The IF function returns one value if a condition you specify evaluates to TRUE, and another value if that condition evaluates to FALSE. For example, the formula =IF(A1>10,"Over 10","10 or less") returns "Over 10" if A1 is greater than 10, and "10 or less" if A1 is less than or equal to 10.

Syntax

IF(logical_test, value_if_true, [value_if_false])

The IF function syntax has the following arguments (argument: A value that provides information to an action, an event, a method, a property, a function, or a procedure.):

  • logical_test    Required. Any value or expression that can be evaluated to TRUE or FALSE. For example, A10=100 is a logical expression; if the value in cell A10 is equal to 100, the expression evaluates to TRUE. Otherwise, the expression evaluates to FALSE. This argument can use any comparison calculation operator.
  • value_if_true    Required. The value that you want to be returned if the logical_test argument evaluates to TRUE. For example, if the value of this argument is the text string "Within budget" and the logical_test argument evaluates to TRUE, the IF function returns the text "Within budget." If logical_test evaluates to TRUE and the value_if_true argument is omitted (that is, there is only a comma following the logical_test argument), the IF function returns 0 (zero). To display the word TRUE, use the logical value TRUE for the value_if_true argument.
  • value_if_false    Optional. The value that you want to be returned if the logical_test argument evaluates to FALSE. For example, if the value of this argument is the text string "Over budget" and the logical_test argument evaluates to FALSE, the IF function returns the text "Over budget." If logical_test evaluates to FALSE and the value_if_false argument is omitted, (that is, there is no comma following the value_if_true argument), the IF function returns the logical value FALSE. If logical_test evaluates to FALSE and the value of the value_if_false argument is blank (that is, there is only a comma following the value_if_true argument), the IF function returns the value 0 (zero).

Remarks

Example 1

The example may be easier to understand if you copy it to a blank worksheet.

ShowHow do I copy an example?

  1. Select the example in this article.
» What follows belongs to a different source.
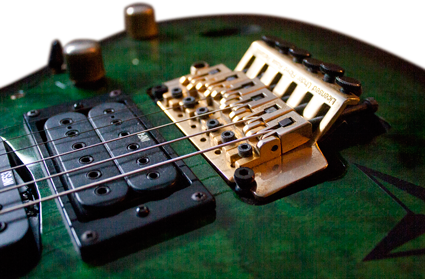 Change strings on a Floyd Rose bridge electric guitar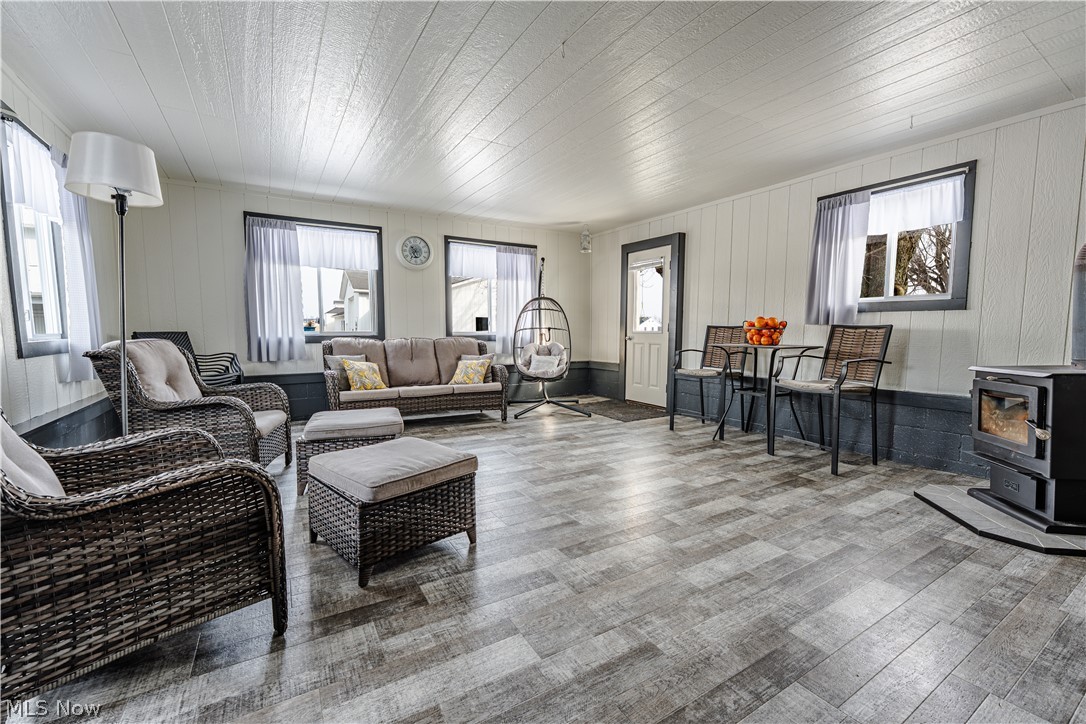 16350 Nauvoo Road Middlefield, OH 44062 - Photo 47 of 50 Living area with a wood stove and wood finished floors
If you are copying the example in Excel Online, copy and paste one cell at a time.
    Important: Do not select the row or column headers.

Selecting an example from Help

Selecting an example from Help

  1. Press CTRL+C.
  2. Create a blank workbook or worksheet.
  3. In the worksheet, select cell A1, and press CTRL+V. If you are working in Excel Online, repeat copying and pasting for each cell in the example.
    Important: For the example to work properly, you must paste it into cell A1 of the worksheet.
  4. To switch between viewing the results and viewing the formulas that return the results, press CTRL+` (grave accent), or on the Formulas tab, in the Formula Auditing group, click the Show Formulas button.

After you copy the example to a blank worksheet, you can adapt it to suit your needs.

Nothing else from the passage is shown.